The inaugural event was held on July 5, 1915 when 30,000 spectators watched former Omaha resident Eddie Rickenbacker win a 300-mile race with an average speed exceeding 91 mi/h. Many fans were left disappointed, however, for only eight of 19 contracted drivers had started the race after several cars had been damaged at the previous meetings at Chicago and Sioux City.

The unfortunate situation was addressed in the newspapers in advance of the July 1916 event with the public being informed of the arrangements made to avoid another failure.
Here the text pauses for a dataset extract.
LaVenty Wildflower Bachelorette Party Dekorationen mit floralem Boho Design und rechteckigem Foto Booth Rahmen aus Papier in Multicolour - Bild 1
The 150-mile race, in which Aldo Franchi's mechanician, Dan Colombo, sustained fatal crash injuries, was won by Dario Resta, and the subsequent 50-mile race was taken by Ralph DePalma, both drivers averaging more than 98 mi/h.

With the boards beginning to crumble and necessitating occasional repairs, it was decided to demolish the track and sell its lumber after the 1917 Independence Day event. Ralph Mulford was awarded first place in the 150-mile race, having averaged above 101 mi/h, while Dave Lewis prevailed in the 50-mile race, averaging more than 103 mi/h. Mulford's win was protested by the Mercer team, which claimed the top two positions, but after a review of the lap times the result stood.

Another event, a 100-mile motorcycle race, was staged on September 9, 1917 and saw Ray Weishaar gain the "Western Championship" with an average speed exceeding 80 mi/h. The track was dismantled later in the year.